I wish they still had a CPI-U rider, but the best they have now is a 4% per year add on. That is what I put in for the quote. I didn't do the math to see if it is better to just do the inflation adjustment yourself by investing the delta in a balanced fund or something like that? Given the idea is to have the annuity there as part of the fixed income portion of the portfolio, the rest is likely in riskier/higher growth assets. But, that starts to take away the thing the annuity is giving me. So I think it is best to have the insurer pay the 4% rider? Especially if one of the risks being addressed is living well beyond what the tables predict.

For example, currently from Blueprint for a 54 year old with $1M given to the insurer (AIG), the payout is ~$36K per year with a 4% increase every year. without the 4% it is $63K per year.

me said:
So I look at SPIA quotes and see rates are going up. I can get over 3.5% with a 4% "inflation" increase every year from an A+ insurer. Higher than average CPI, but inflation, as you all know, has been much higher for extended periods. CPI has averaged around 3.3% since 1914. From 1968-1991 CPI averaged around 6%. That was a pretty bad time to retire as well.
 
That AIG product is very interesting... never heard of a 4% annual increase. I guess it depends on how lucky you feel. This is what I get for "returns" at various ages.... another way to think of it is the annual return that you would have to get on $1 million to make those 4%-annual increased payouts.

AgeCashflowIRR
54-1,000,000.00
5536,000.00
5637,440.00
5738,937.60
5840,495.10
5942,114.91
6043,799.50
6145,551.48
6247,373.54
6349,268.49-15.34%
6451,239.23-12.38%
6553,288.79-9.95%
6655,420.35-7.93%
6757,637.16-6.23%
6859,942.65-4.79%
6962,340.35-3.55%
7064,833.97-2.48%
7167,427.32-1.56%
7270,124.42-0.75%
7372,929.39-0.03%
7475,846.570.60%
7578,880.431.16%
7682,035.651.66%
7785,317.082.11%
7888,729.762.51%
7992,278.952.87%
8095,970.113.20%
8199,808.913.50%
82103,801.273.78%
83107,953.324.03%
84112,271.454.26%
85116,762.314.46%
86121,432.804.66%
87126,290.114.84%
88131,341.725.00%
89136,595.395.15%
90142,059.205.29%
91147,741.575.42%
92153,651.235.54%
93159,797.285.66%
94166,189.185.76%
95172,836.745.86%
96179,750.215.95%
97186,940.226.04%
98194,417.836.12%
99202,194.546.19%
100210,282.326.26%
101218,693.626.33%
102227,441.366.39%
103236,539.026.45%
104246,000.586.50%
105255,840.606.56%
 
@MattInAustin, is that a 4% increase every year, or an "up to 4%" increase every year?
 
It's been a while, but I saw step-ups on the SPIAs between 1 and 5%. At the time, I got a 3% quote from Vanguard (back when the had annuities).

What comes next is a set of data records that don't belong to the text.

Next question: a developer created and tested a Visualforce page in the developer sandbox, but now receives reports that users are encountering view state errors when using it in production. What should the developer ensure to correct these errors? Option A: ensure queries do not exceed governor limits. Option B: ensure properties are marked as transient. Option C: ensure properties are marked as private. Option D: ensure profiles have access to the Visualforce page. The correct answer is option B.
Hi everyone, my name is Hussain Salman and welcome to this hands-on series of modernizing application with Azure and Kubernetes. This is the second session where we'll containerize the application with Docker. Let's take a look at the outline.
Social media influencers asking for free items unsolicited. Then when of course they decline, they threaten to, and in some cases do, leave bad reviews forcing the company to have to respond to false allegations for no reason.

What I recall was that the initial payment was very low.

I love the security aspect of the monthly payout, but for now am forcing myself to sit on my hands, concentrate on Roth conversions, and delaying SS. Depending on rates, I will circle around back to exploring these in a few years.

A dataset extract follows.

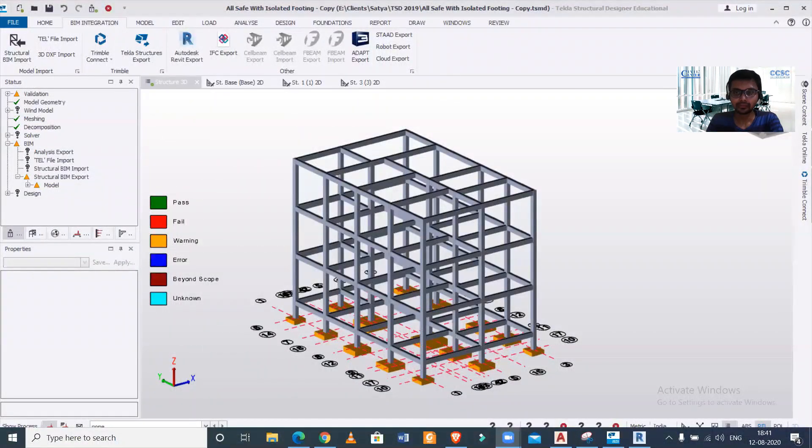Hey guys, this is your friend Manak from Civil Center, and I welcome all of you back to another video tutorial on Tekla Structural Designer. In today's video, we'll find out how to import a file from Tekla Structural Designer to Revit Structures. Let's get started — I'll share my screen right now.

My concern is DH after I'm gone. His extent of managing the money is howling for me to sell when the markets drop (I don't, and gently talk him off the ledge) and withdrawing money to spend. He will be a soft target for the kiddos and the overseas relatives when I'm not around to provide defense, so I want him to have a large, reliable monthly income. I am considering an annunity with a step up for DH (whose family lives forever) so he gets a larger amount which can go towards in-home care to the extent he needs it, dental, hearing aides, etc.
 
IMHO it's not rate but age.

My retirement planners have me waiting until I'm around 80 then annualizing what's left in my tax-deferred accounts.